Goal of the exercise =
Set down exactly the lines that run from the one containing "Now the competition" to the end of the material below, both included, without pictures.

Data =
- - - -

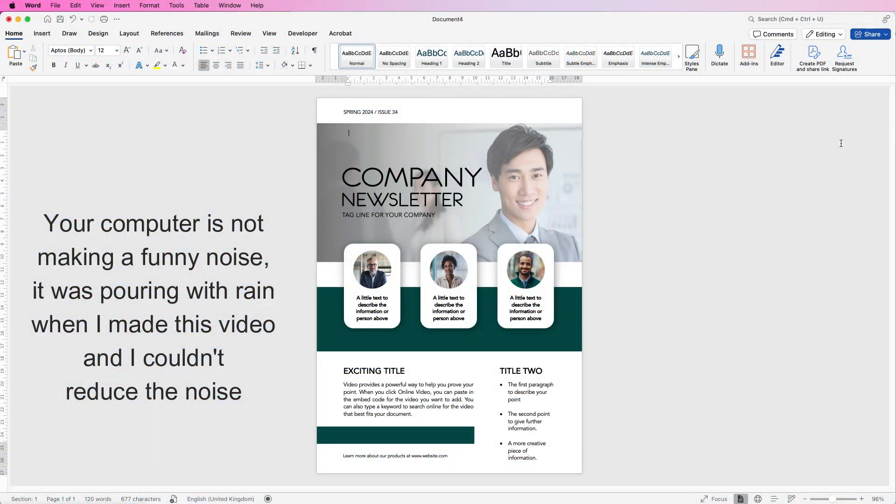Hi, welcome to the channel. Today I'm going to be showing you how you can create this newsletter from scratch in Word.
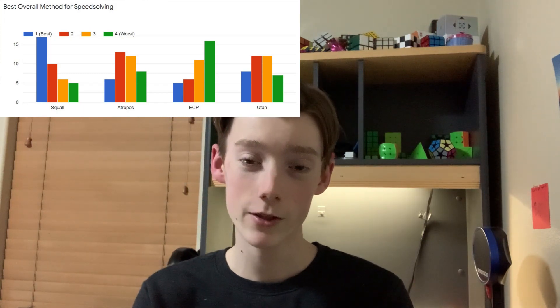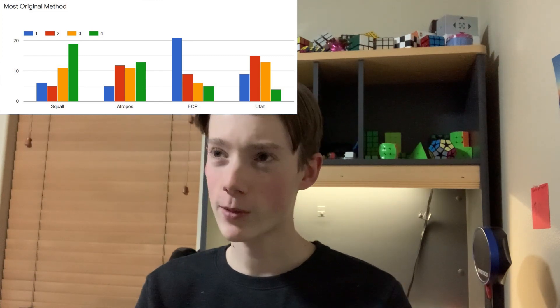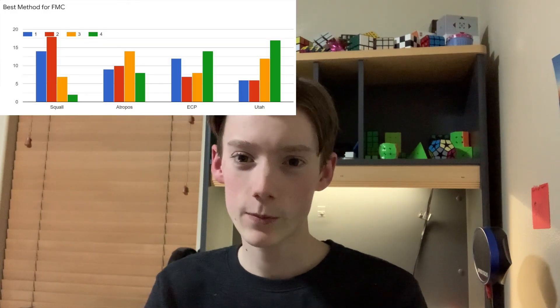Now the competition results: after a few days the community gave 41 votes on a Google Form. The best method for speed solving was the Squall method invented by the Meta Knights team - congratulations. Funnily enough, ECP was ranked worst for speed solving. The winner of most original method was ECP because no one had thought of COES before. The winner for best FMC method was again Squall by the Meta Knights.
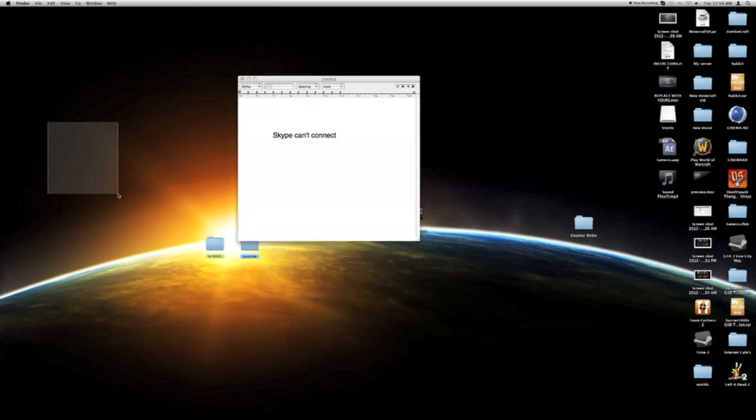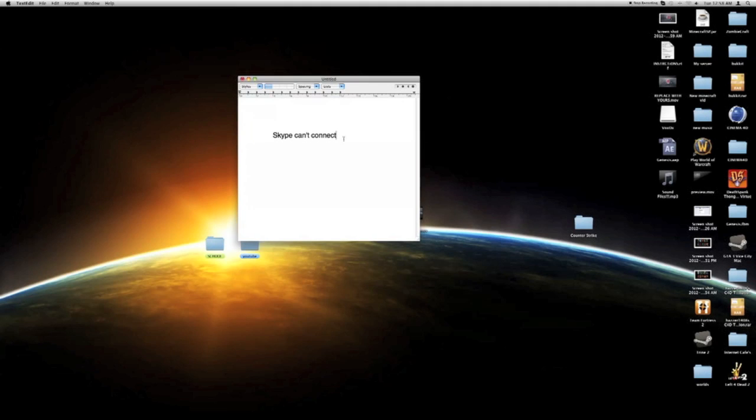This is Landsharks and this is just another quick fix on how to fix your Skype when this error message comes up when you try to log in.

- - - -

Solution for this task =
Now the competition results: after a few days the community gave 41 votes on a Google Form. The best method for speed solving was the Squall method invented by the Meta Knights team - congratulations. Funnily enough, ECP was ranked worst for speed solving. The winner of most original method was ECP because no one had thought of COES before. The winner for best FMC method was again Squall by the Meta Knights.
This is Landsharks and this is just another quick fix on how to fix your Skype when this error message comes up when you try to log in.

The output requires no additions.